Friday, September 14, 2012

Nina Pops -- Form and Content

Artist Nina Pops (who lives in Cologne, Germany and who has done several projects with my friend Zarko Radakovic) just sent me these pages from a 76-page book of hers: "Variations on the Work and Life of the Painter Julije Knifer. Collage, 76 pages, 21 x 29.7 cm, polychrome pencils and graphite on paper and manuscript version of the book Knifer by Zarko Radakovic." 

Other pages of the book can be seen here:

The works are thoughtful in that way that makes a viewer thoughtful. They raise questions. They inspire delight. They make connections and sabotage assumptions.

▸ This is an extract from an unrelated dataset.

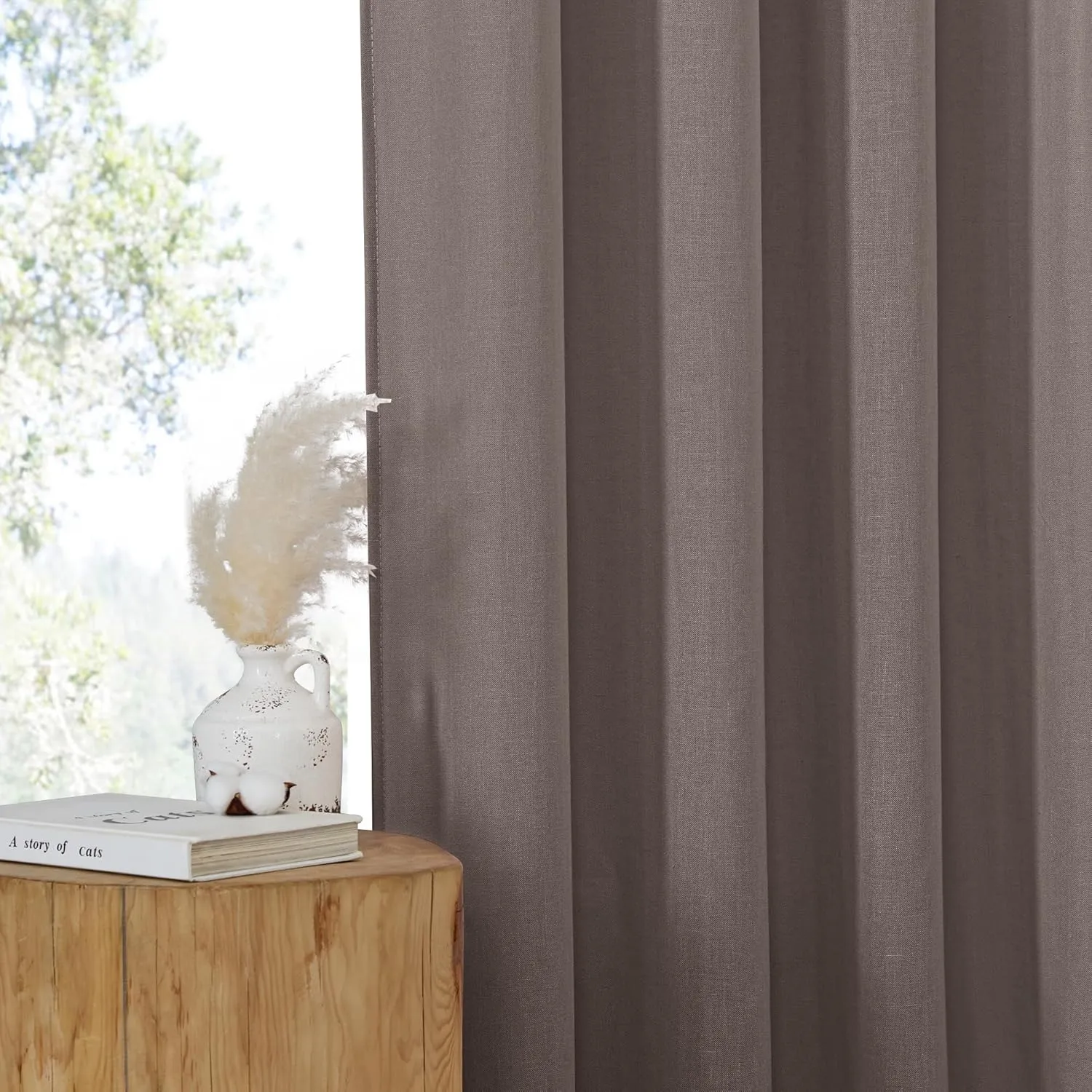 NICETOWN Linen Brown Curtains 84 inch Long, Grommet Privacy Added Thick Flax Window Treatments with Light Filtering Drapes for Bedroom/Farmhouse, W55 x L84, 2 Panels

Some responses—first the page, then my thoughts:

The page as a whole strikes the eye. The slightly tinted paper. The lighter sheet of the manuscript page. The text in barbed-wire lines of black, some of them badly spliced. The four forms (visually related to what Knifer called meanders) in grey, red, black, and dark black. The artist's own note at the bottom right:10.1.2003 (?) 13:06 Atelier (?) Köln 1. First page of the book. Finished at 1:06 p.m. in her Köln studio on the first day of October 2003 (if I'm reading the tiny print correctly).

And already I have moved from the whole to the parts, a motion of understanding unavoidable given the nature of understanding and what Hans Georg Gadamer called the hermeneutic circle: you can only understand the whole in light of the parts and the parts in the context of the whole.

Four figures, fat figures, dancing figures one of which is bright red, dancing elephants vertical when seen separately and horizontal as a group of four, four figures that contrast in their abstraction with the scratched words and sentences of Zarko's text that would, if I could read the Serbo-Croatian (for these pages were written in 1993, in Nizza/Nice on the 23rd of March, in a year when the language was under vicious attack from all sides but might still, at least nostalgically, be called Serbo-Croatian and not yet, brutally, Serbian OR Croatian, which would sever, then, the language of the two friends Knifer and Radakovic) evoke meanings beyond the words.

This line of thinking is trying to separate the abstract from the concrete, the artist's image from the writer's words. But whatever sense that makes makes no sense, I discover as I write. In this work the lines of text and the lines of crossed-out text can be read, it's true, but they are transfigured in this context to lines that can be seen. The artist, while commenting visually on the text that itself evokes the work of the artist Knifer, has ripped the text out of its context to comment on her drawings. Her date and place and time are equivalents to the writer's place and date.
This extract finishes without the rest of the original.